Everything came and went, everything was new and bright with promise once and old and worn out later, and everything left a small, diminishing stain on eternity, a mark that time would eventually erase.

House of Suns is what really great sci-fi tries to be: it takes some fascinating ideas (generally technological), sprinkles in interesting characters (although some authors seem to find that optional), and goes from there.

In House of Suns, we have the story of a small subset of humanity writ large. The speed of light is the ultimate limit. Planets are decades apart; the galaxy hundreds of thousands of years around. So how do you continue that oh so human drive for exploration and expansion?

Well in House of Suns, you create a thousand clones. Imprint them all with your memories. And send them out into the universe.

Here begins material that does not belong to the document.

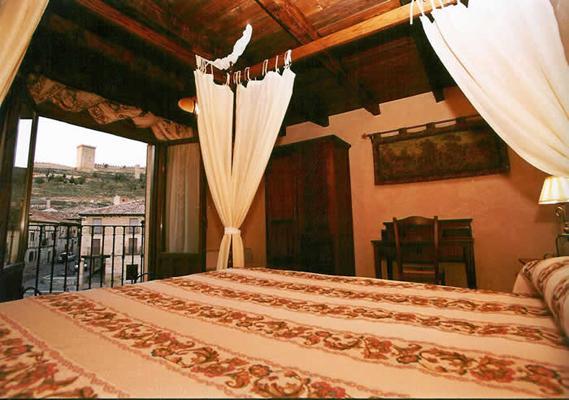 La Posada Ducal Penaranda de Duero Rum bild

Set it up so that ever few decades/centuries/millenia, they meet up, share all they’ve been to. What other branches of humanity have risen–or fallen? What other miracles of technology have been discovered? Who’s fallen in love?

It’s a great idea and oh the scope. You have time dilation from traveling near the speed of light. The ability to slow time within a small region to millions of times. Lifetimes spanning millions of years.

And one big mystery, to top it all off.

Andromeda is missing.

Someone seems to have a vendetta against one particular Line of clones.

Murder.

Machine people.

Lies within lies. Secret societies within secret societies.

Vengeance.

Oh, it’s a good book. Bit hefty. Ends with a closure–but a heaping helping of now what?. Give it a read (I listened to the audiobook; it’s well narrated).

All data is stale. The photons reaching your eyes are stale. They tell you that you are looking at something real, but you have no information that the objects before you still exist. They may have vanished into oblivion the instant those photons took wing.